This location in Tlacochahuaya is called Tierra del Sol, a regenerative farming initiative and eco village founded in 1998 by Pablo Ruiz Lavalle, the site’s director. Formerly a commercial airline pilot, in that year Lavalle purchased one hectare—about two and a half acres—of land. Surrounded by plots characterized by intensive monocropping of crops such as corn, beans and alfalfa, the small area he purchased had been left unworked for some time and was in a sorry state. “The soil here was extremely compacted, there was very little organic material in it and it was stripped of any cover crops,” Lavalle says as we sit in an open-air gazebo on the property, accompanied by late-morning birdsong and the steady drone of forager honeybees flocking to Tierra del Sol’s scores of lavender plants. 

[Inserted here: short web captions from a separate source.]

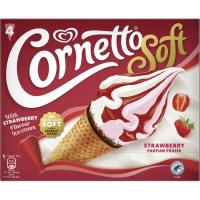 Helado Cono soft sabor nata y fresa CORNETTO, pack 4x140 ml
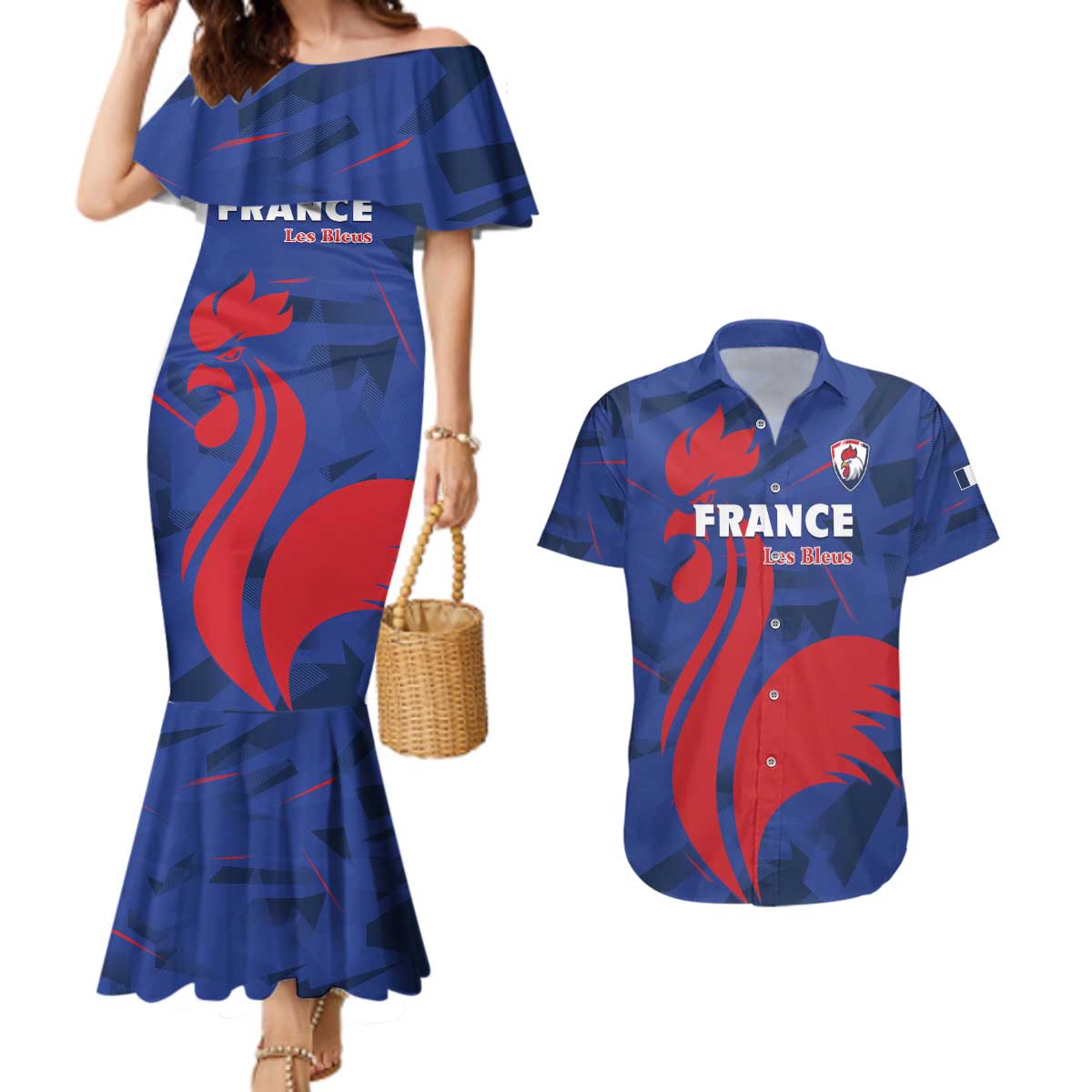 France 2024 Rugby Couples Matching Mermaid Dress and Hawaiian Shirt Bravo Les Bleus - Wonder Print Shop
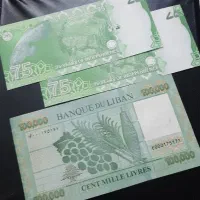 جفت یادبودی پاکستان و اسکناس ۱۰۰۰۰۰ لیر لبنان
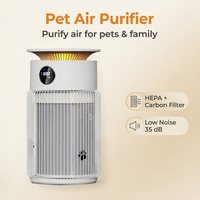 Purificateur d'air pour animaux de compagnie OEM, filtre HEPA H13, désinfection UVC, entrée d'air turbo, contrôle WiFi, faible bruit, pour chiens et chats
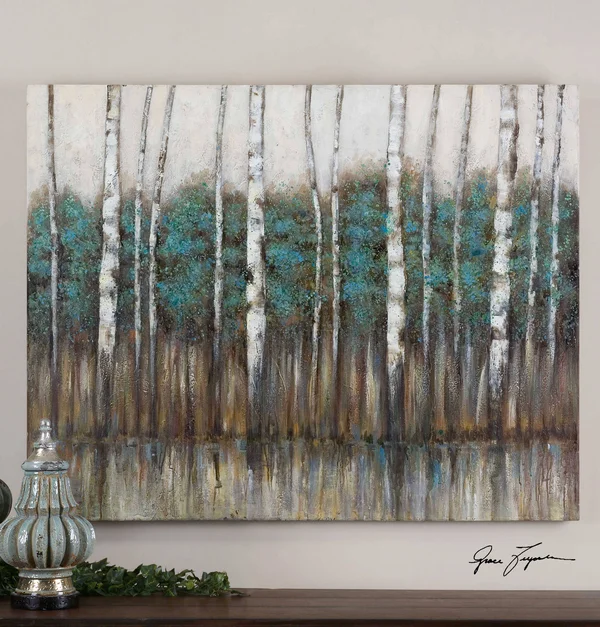 Uttermost Edge of The Forest Hand Painted Canvas Art - 34284
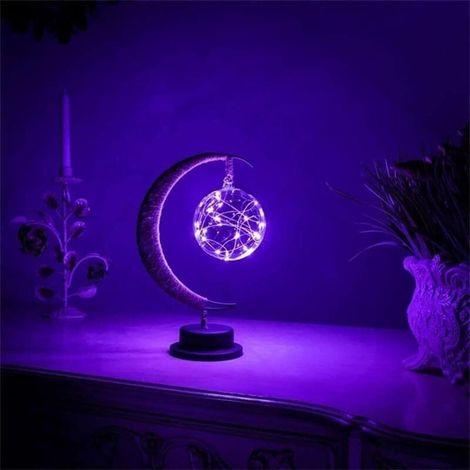Lampada decorativa a LED, lampada da tavolo 3D, luce magica al chiaro di luna, luce notturna in ferro battuto, decorazione per la casa, regalo di compleanno (palla rotonda blu) (1/4)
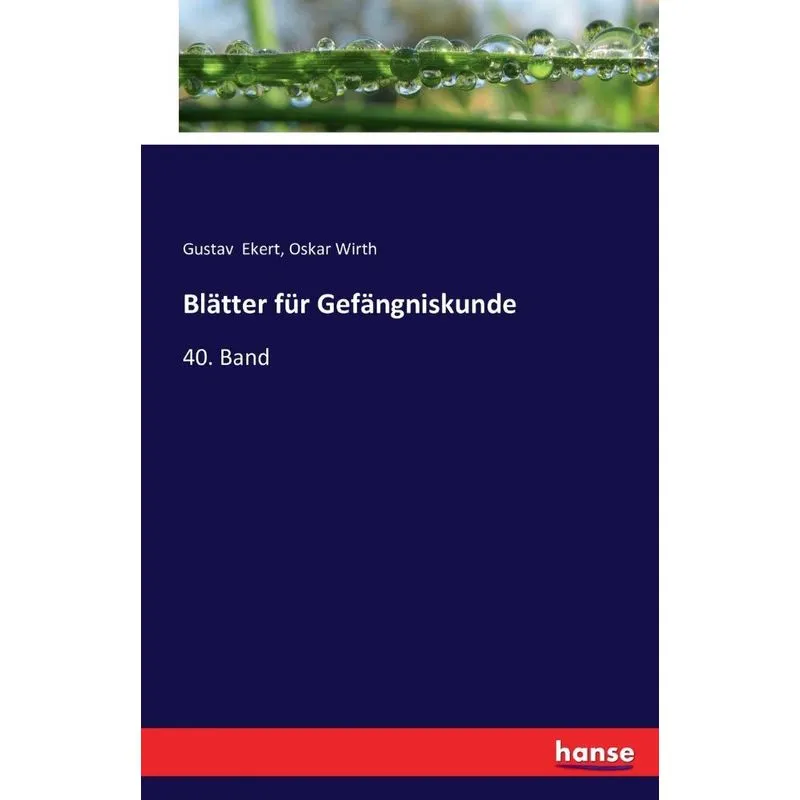 Blätter für Gefängniskunde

Pablo Ruiz Lavalle. (Photo: Lauren Rothman/Modern Farmer)

Glancing at the site’s neighboring parcels, where small-scale farmers work plots of the aforementioned crops using heavy applications of industrial pesticides and herbicides provided for free by the Mexican government, Lavalle’s description of the area’s not-too-distant past wasn’t hard to imagine. But looking over at Tierra del Sol’s garden plot, tall trees in various intensities of green swaying slowly above crops such as lettuce, broccoli, and a wide variety of herbs, it was more difficult to picture this land’s less-than-productive beginnings.

A key difference between Tierra del Sol and the dry, cracked farmland surrounding it? The practice of syntropic agriculture.

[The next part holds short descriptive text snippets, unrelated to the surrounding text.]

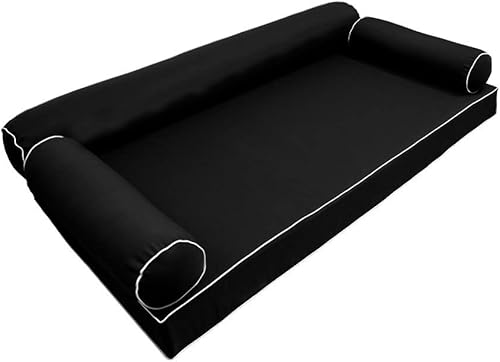 Solo funda estilo 6 fundas de almohada para colchón de sofá cama para exteriores, ribete de tubería de contraste, tamaño individual XL, AD109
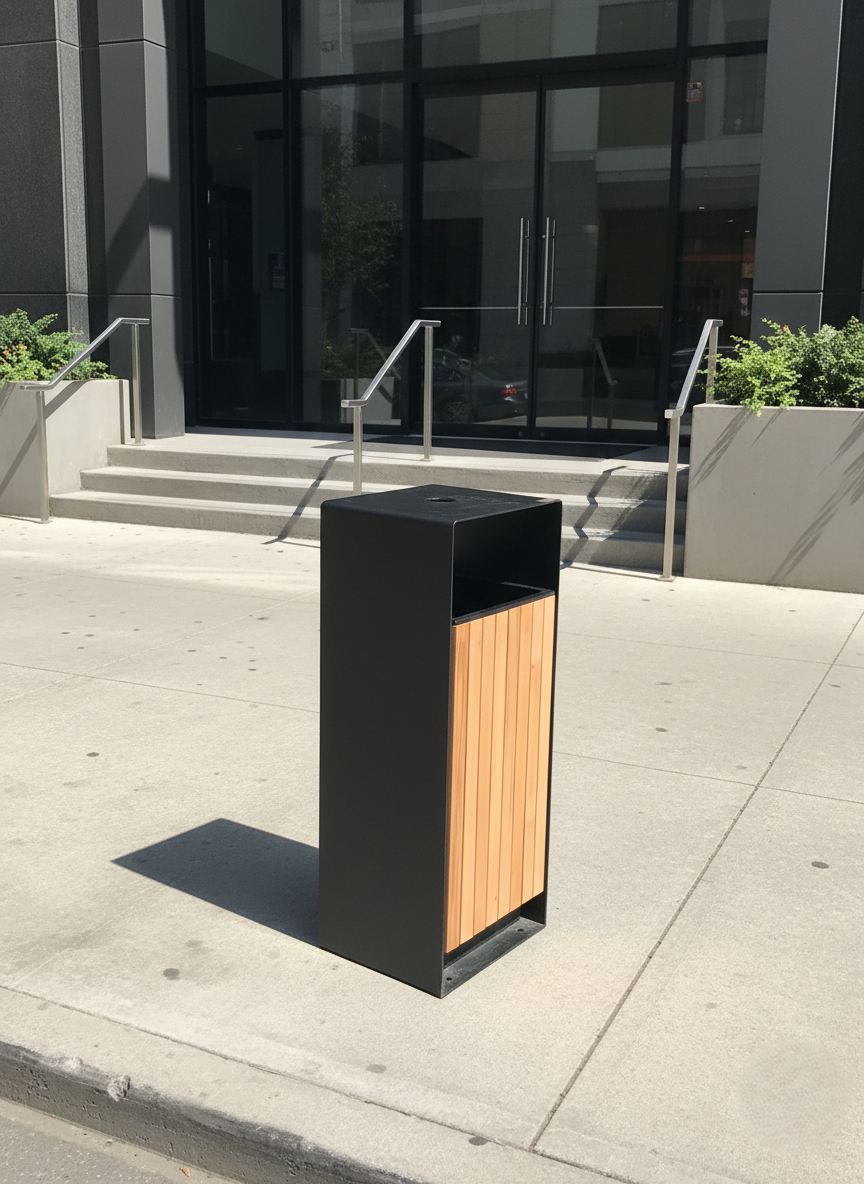 Elegant Site Furnishing Trash Can for Parks, Patios, and Urban Areas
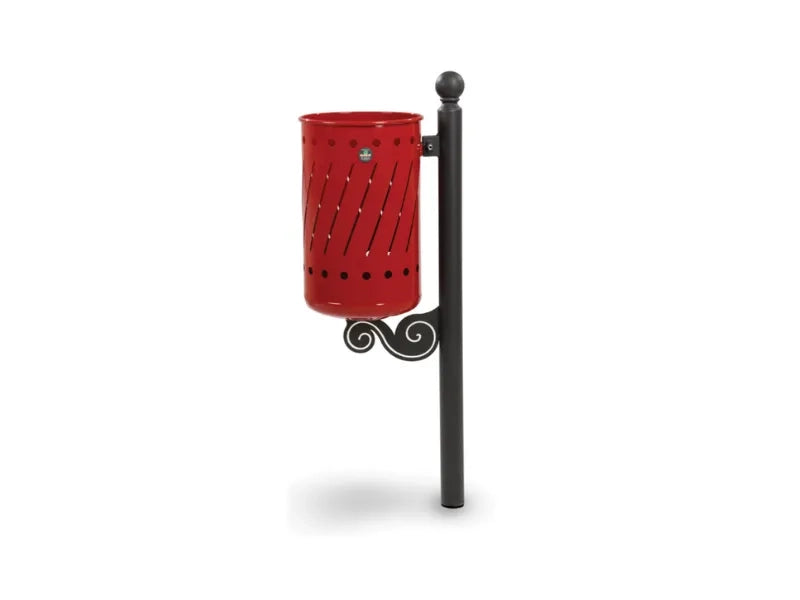 Cestino Decò 575 Giochipark acciaio zincato verniciato Ø30x52h urbano 35lt - RAL 3003 - Filo pavimento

A view of Tierra del Sol’s plot of land. (Photo: Lauren Rothman/Modern Farmer)

The 4,500-square-meter plot where Sanchez would welcome volunteers to the tequio has been cultivated using principles of syntropic agriculture since 2019. This method of agroforestry, developed by the Swiss farmer and plant geneticist Ernst Götsch starting in the late 1970s, aims to work with nature, not against it, by reproducing certain principles of a naturally occurring forest in order to both cultivate food and rehabilitate the soil. 

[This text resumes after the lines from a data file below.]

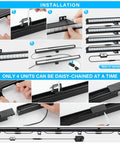 Installation guide for Sixteen Inch 18W RGB LED Light Bars Kit With App Control And Remote, showing daisy-chain connection setup.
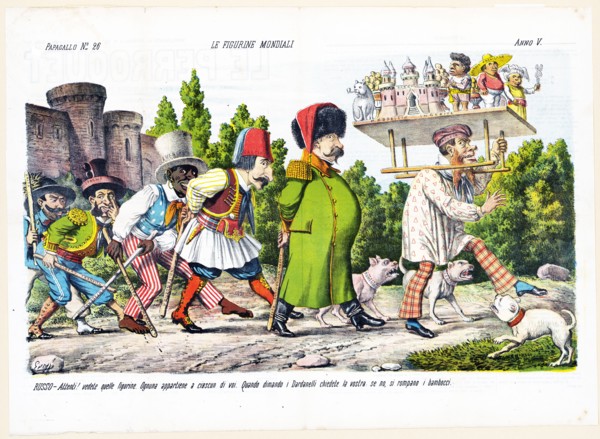 1800s Italian Political Cartoon by Agusto Grossi - Le figurine mondiali ca. 1877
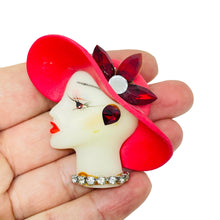 Load image into Gallery viewer, Vintage 80's flapper art deco style ladies face designer pin brooch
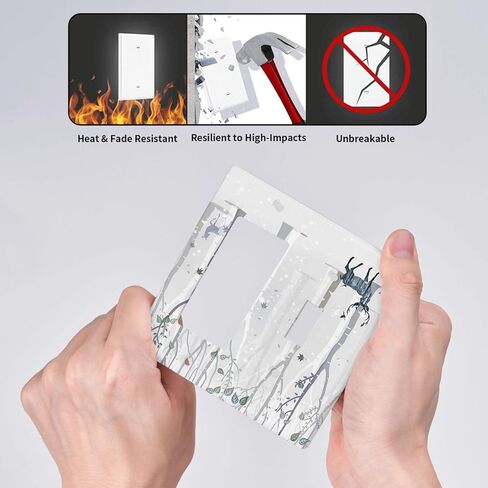 Outlet Covers Snowy Woodland Scene Forest Deer 1 Toggle 1 Rocker Combo Light Switch Cover Plate Decorative Switch Plate Covers Electrical Switch Plates For Home Nursery Decor in Saudi Arabia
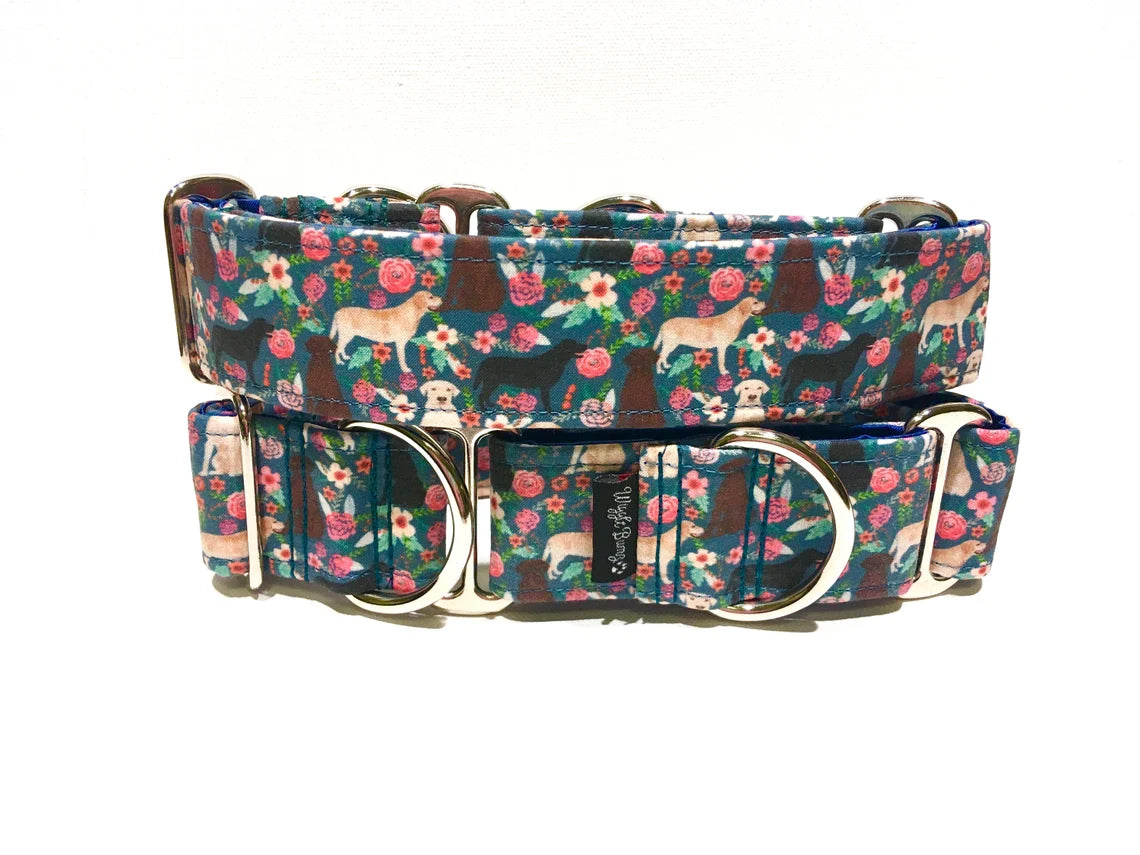 Wiggle Bumz Labradors in the Garden Martingale Collar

In syntropic agriculture spaces, plants are grown in different strata, beginning with low-to-the-ground vegetables, legumes, fruits, and herbs and culminating in a tree canopy that is populated by different species depending on the growing climate. Throughout the year, those trees are periodically pruned, with the consistent bring-down of organic material to the gardens below working to restore soil fertility, increase the diversity of microbes and fungi and ensure the health of the crops growing on the garden floor. Regular pruning of trees also manages the sun and shade conditions, further contributing to a balanced ecosystem. In the presence of a well-managed syntropic agriculture system, soil grows healthier, regenerating in one-third the time it would if left unassisted. 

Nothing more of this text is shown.